Work to be completed
Return the data below exactly, minus the pictures.

Dataset content
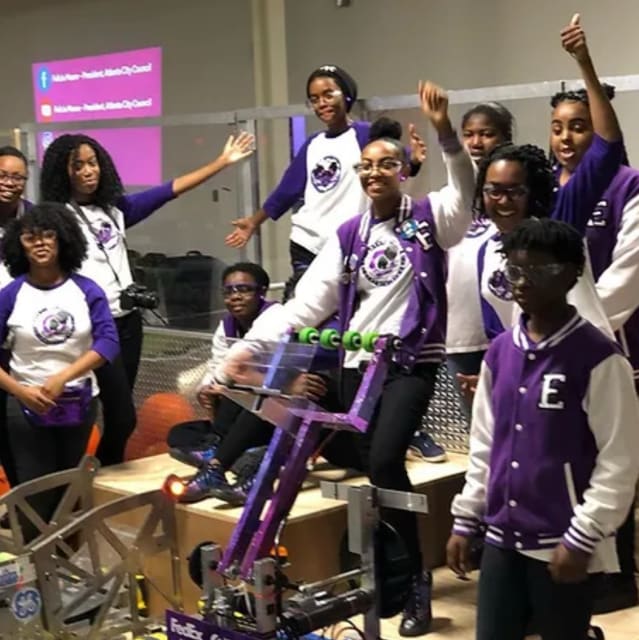 A group of students at the Johnson STEM Activity Center in Atlanta, Georgia. (Image: Johnson STEM Activity Center.)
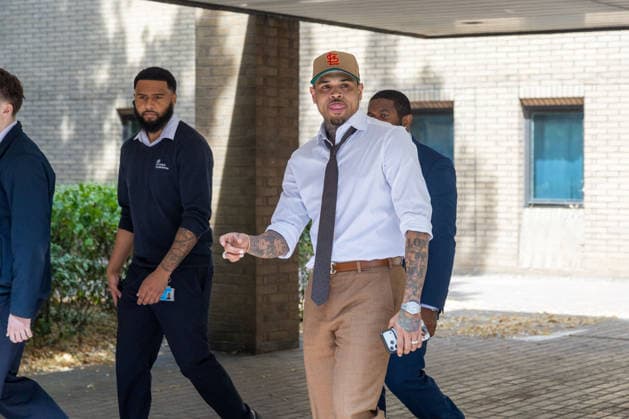 July 24, 2026, London, England, United Kingdom: R&B singer CHRIS BROWN leaves Southwark Crown Court after a case management hearing. He is charged over an alleged assault in a London nightclub. The American musician is accused of causing grievous bodily harm to Abraham Diaw in February 2023. London United Kingdom  - ZUMAs262 20260724_zip_s262_004 Copyright: xTayfunxSalcix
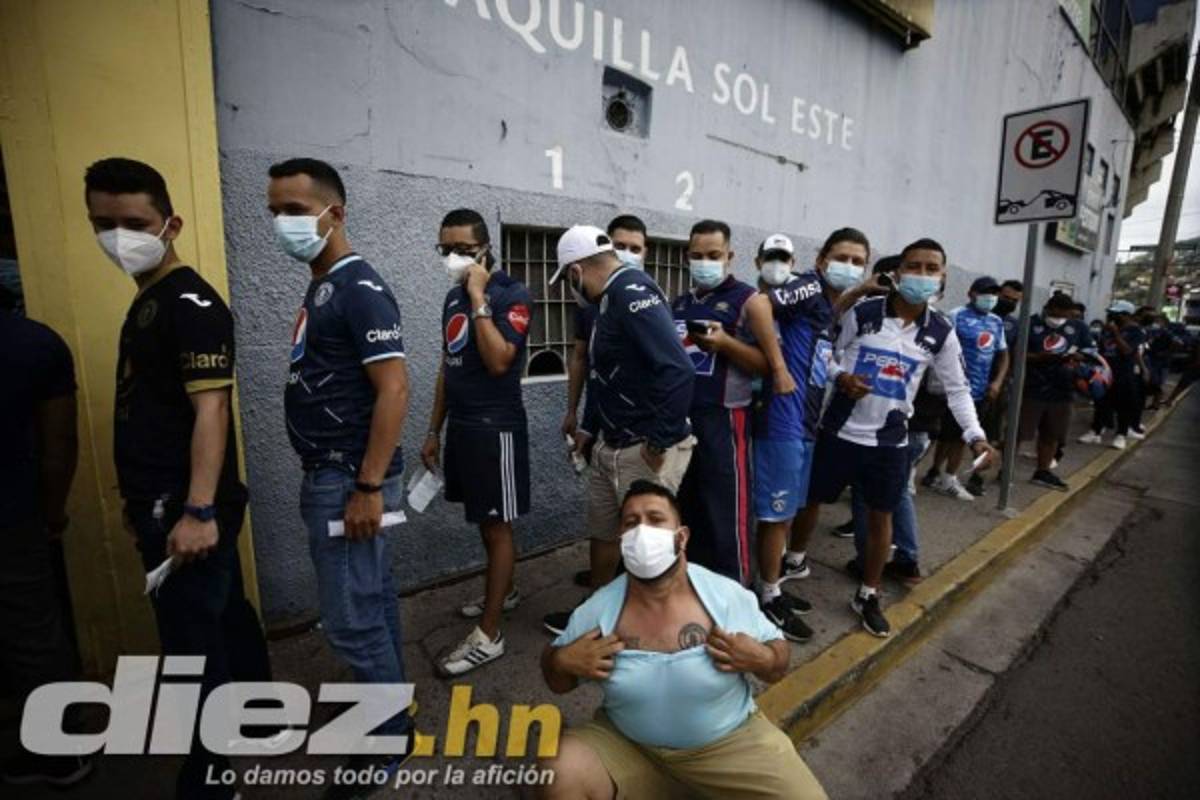 Fotos: Así celebró Félix Crisanto su gol con Olimpia, el show de inauguración y el hijo del 'Nene' Obando debutó
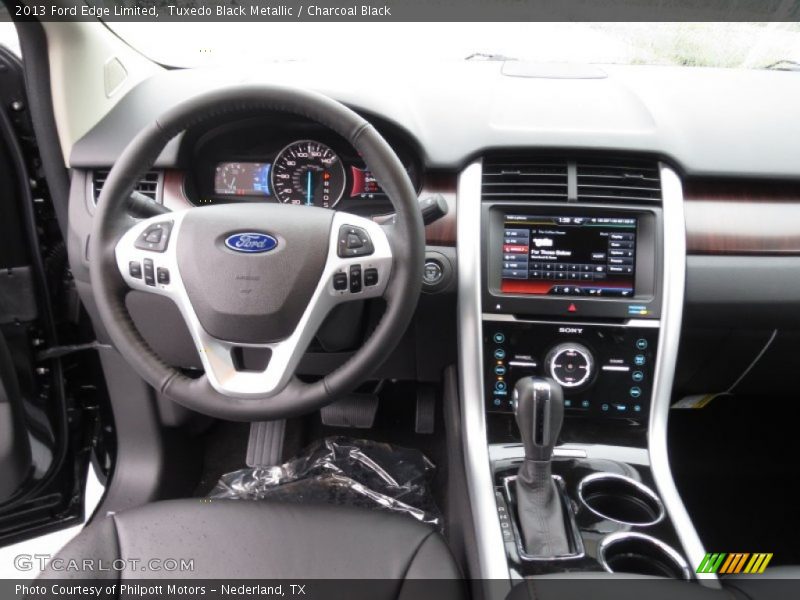 Tuxedo Black Metallic / Charcoal Black 2013 Ford Edge Limited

Answer space
 A group of students at the Johnson STEM Activity Center in Atlanta, Georgia. (Image: Johnson STEM Activity Center.)
 July 24, 2026, London, England, United Kingdom: R&B singer CHRIS BROWN leaves Southwark Crown Court after a case management hearing. He is charged over an alleged assault in a London nightclub. The American musician is accused of causing grievous bodily harm to Abraham Diaw in February 2023. London United Kingdom  - ZUMAs262 20260724_zip_s262_004 Copyright: xTayfunxSalcix
 Fotos: Así celebró Félix Crisanto su gol con Olimpia, el show de inauguración y el hijo del 'Nene' Obando debutó
 Tuxedo Black Metallic / Charcoal Black 2013 Ford Edge Limited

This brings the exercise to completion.